I am trying to figure out how Tesla c2050 handles multiple applications accessing the GPU resource.

From the Fermi whitepaper (page 18) it seems context switching between applications is possible. So I run an experiment to confirm that.

I tried running the matrixMul program from the toolkit, modified so that the kernel launch runs for a while. Then I run another program (e.g. scalarProd) while matrixMul is busy in the kernel execution.
Surprisingly scalarProd stops saying: : cudaSafeCall() Runtime API error 46: all CUDA-capable devices are busy or unavailable.
Apparently there is no context switch nor waiting for resources to be ready.

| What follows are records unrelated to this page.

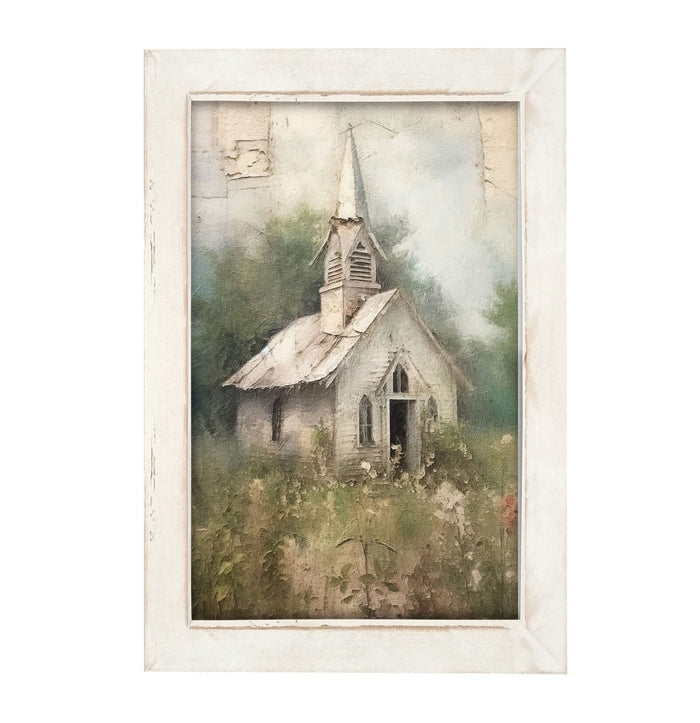 Old Country Church 2 - Framed Art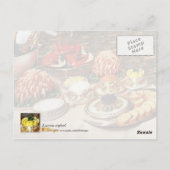 Köstliche Meeresfrüchte und Vorspeisen Postkarte (Rückseite)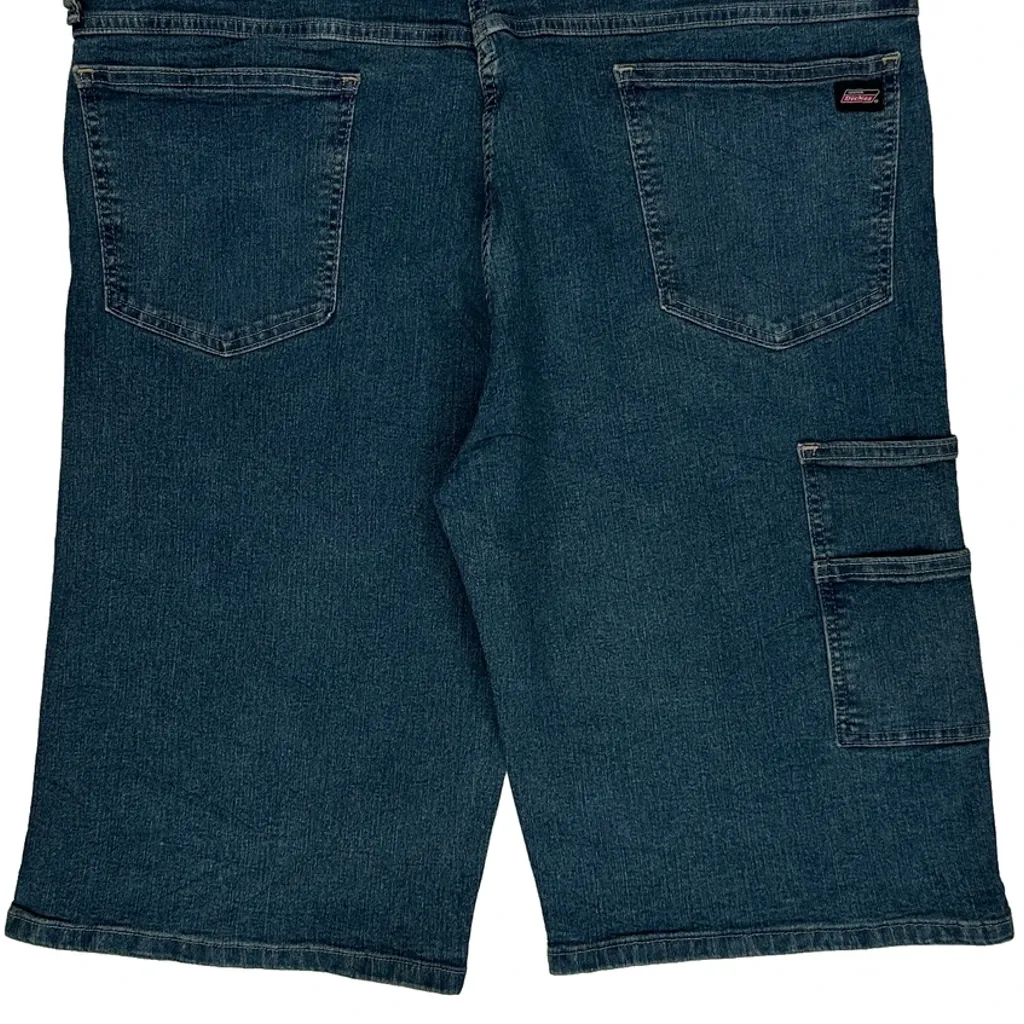 Dickies Denim Shorts - 38W 11L Blue Cotton - Image 7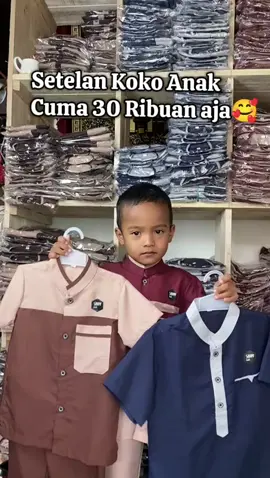 Setelan Koko Kemeja Husein ❤️#kokoabiyan #kokohusein #sibaykids #kokosibaykids #bajukokoanak #kokoanakmurah #fyp #bajuanakbandung #setelankokoanak 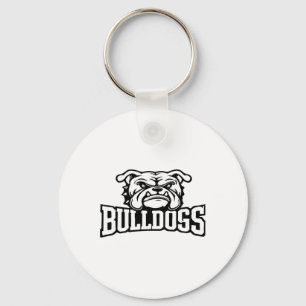 Llavero Mascota Bulldogs Espíritu de Equipo de Regreso a l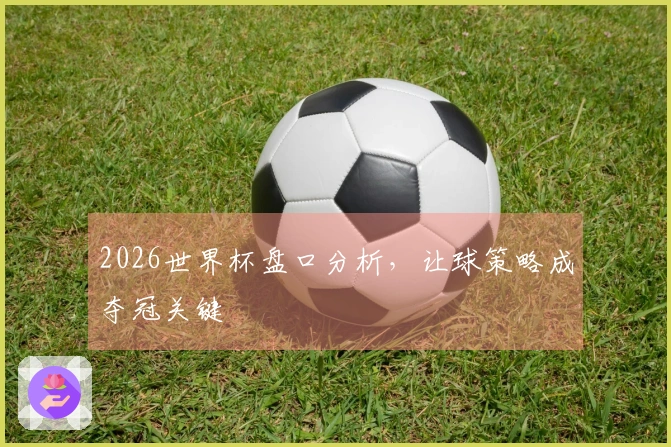 2026世界杯盘口分析,让球策略成夺冠关键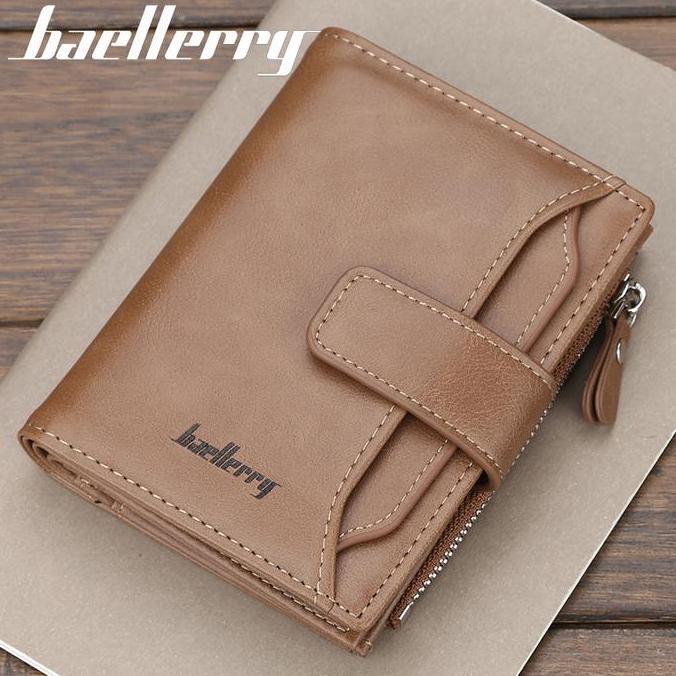 Bag- [Cod] Dompet Pria Dompet Lipat Kulit Baellerry Original Kulit - D3218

What is the meaning of context switching and efficient multitasking that the white paper refers to? Can anybody help me understanding how multiple applications are handled?

Thanks for your help.

any update?

Fermi can run concurrent kernels from the same context.
If you are using the same GPU from multiple applications, the driver will serialize the access.
Once a kernel starts, it will run to completion.


I routinely run several apps per CUDA device at once, either Fermi and pre-Fermi. Are you sure your device is not in compute-exclusive mode?

Also, all the apps concurrently running on a device must fit within the device’s RAM. Cudamalloc will fail unless there’s enough memory, but your error message doesn’t seem to indicate this.

Good luck!

Thanks for your reply.

My c2050 is set in compute mode 0, therefore not in compute-exclusive mode. Also, my 2 apps (taken from SDK) use very little memory, so this should not be the problem.

Thanks for your help.

sorry to bother, could you please provide me with a simple scenario where you see two apps executing their kernels in parallel (i.e. KernelA from AppA running at the same time as KernelB from AppB)?

I tried even with the simplest example but it does not work on my c2050. Changing OS, driver mode or compute mode does not help.

They will not. They can time share the GPU but not run at the same time.

how do I make them time share? According to my experiment one kernel gets denied access to the GPU.

Thanks for your help

any news from NVIDIA on this?

Sorry mfactia, but you are misdirecting the OP. GPUs only context switch at the boundaries between kernel executions. Two kernels from diferents context cannot execute (as cuda 4.0) concurrently, and while a long kernel KA execute from app A, never a kernel KB from app B will execute before KA finish.